The late Joe Granville took this a step further by suggesting that the stock market represents the sum total of a nation’s intelligence across many different fields.  He maintained that the market knows virtually everything worth knowing about the short-to-intermediate-term outlook.

Writing in September 2004, just after a devastating series of Florida hurricanes, Granville observed: “When the stock market turns down it is warning of trouble ahead.  It doesn’t matter what the trouble turns out to be…For a look at the future it was only necessary to follow the market instead of hurricane reports.”  In view of the vulnerable state of the market prior to the major hurricanes of 2005 and 2012 (Katrina and Sand), perhaps Granville was on to something.

Not all investors believe that Mr. Market reflects the sum of all wisdom as it pertains to the future outlook, however.  Proponents of Random Walk Theory in particular dismiss this notion with scorn.  But are they right to reject this proposition?

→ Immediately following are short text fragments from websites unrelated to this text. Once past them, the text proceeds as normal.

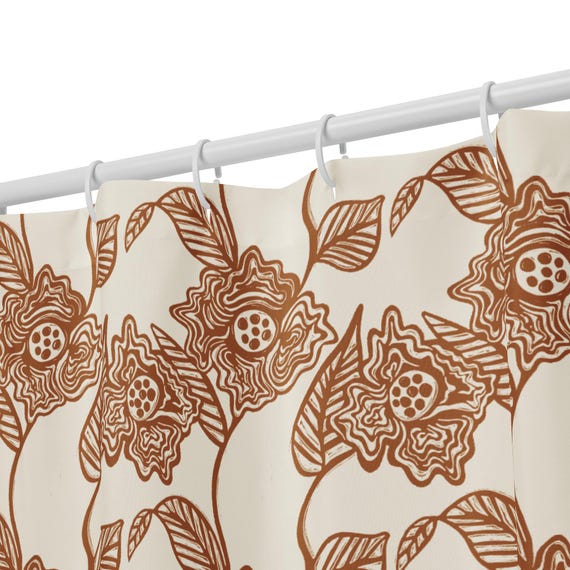 Terracotta Floral Shower Curtain, Boho Bathroom Decor, Warm Earth Tone Botanical Bath, Desert Modern Home
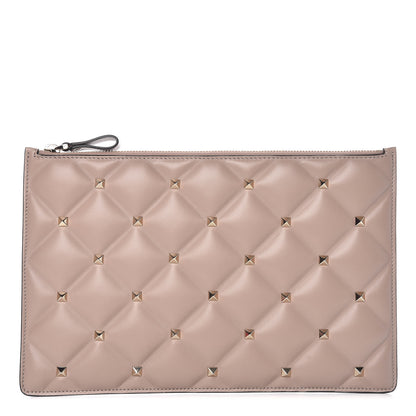 Valentino Garavani Nappa Candystud Zip Pouch Poudre 1 of 8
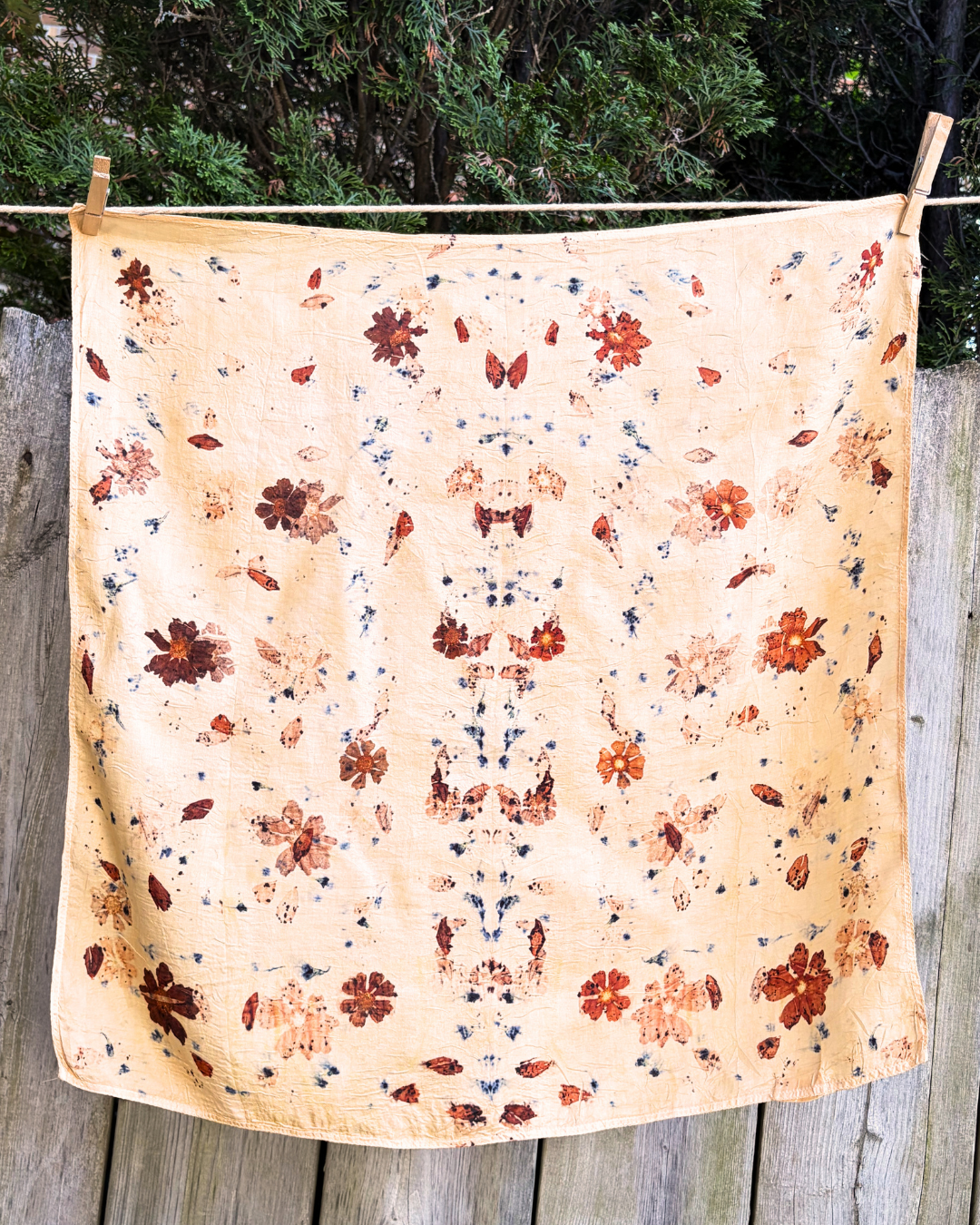100% Mulberry Silk Plant Dyed Bandana - Garden Flowers (3)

Experience has shown that Granville’s proposition is essentially correct, if overly simplistic.  To assume that the market always declines at the first scent of trouble would be the height of folly.  The collective wisdom of informed investors does tend to trace out its foresight in the charts, but it isn’t always blatantly obvious at first and sometimes is evident only in retrospect.  The market action of the year 2007 is instructive.  Consider that beginning in February that year the market commenced a series of volatility plunges as insiders first began to manifest their advance knowledge of the coming credit storm.

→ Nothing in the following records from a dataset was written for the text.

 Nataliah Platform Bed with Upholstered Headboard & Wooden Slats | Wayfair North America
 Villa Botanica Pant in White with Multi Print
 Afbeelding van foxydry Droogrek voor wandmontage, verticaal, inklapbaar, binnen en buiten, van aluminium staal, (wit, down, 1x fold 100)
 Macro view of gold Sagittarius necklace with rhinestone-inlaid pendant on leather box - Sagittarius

In between, and immediately after, the market plunges in February and August ’07, however, the S&P made new highs.  This was either a consequence of the recoil rallies going too far, or was the result of manipulation to disguise insider selling.  The lesson here is that while Mr. Market will usually provide advance warning signals for trouble on the horizon you must often pay close attention to discern those signals, for it isn’t always obvious. 

If the tape does indeed tell all, what is it telling us now?  The major indices and the NYSE breadth indicators have been in good shape for most of the year.  By the same token, cumulative trading volume has been subdued because of diminished participation among individual traders as passive ETF investing has gained popularity.  The major averages have been buoyant, but not lively, in recent months.  This has been reflected in the economic news for most of the year, and there have been no crisis events to speak of.  The market, in short, has been dull and listless in reflection of the lack of bad news news.  You could even say that the market has predicted the lethargic U.S. political/economic scene of recent months by its own lack of excitement. 

If the tape indeed tells all (and I believe it does), then it’s telling us that there are currently no major worries among informed investors and insiders about anything that might torpedo the U.S. ship of state and disturb the country’s equanimity.  Developments of this magnitude take time to develop and the traces of these dangers always eventually manifest in the stock market long before making an announcement anywhere else. 

This is not to say that the market will necessarily continue to experience smooth sailing for the balance of the year, as short-term volatility tends to be erratic and isn’t always predictable.  But the tape doesn’t suggest anything calamitous on the horizon, contrary to the warnings of the perpetual alarmists.  The secular bull market which began in 2009 is still very much intact with lots of room to run before entering those tumultuous shoals which always mark the end of the line.  By the time that point has arrived, however, the tape will have long since whispered the danger to those who bother to listen.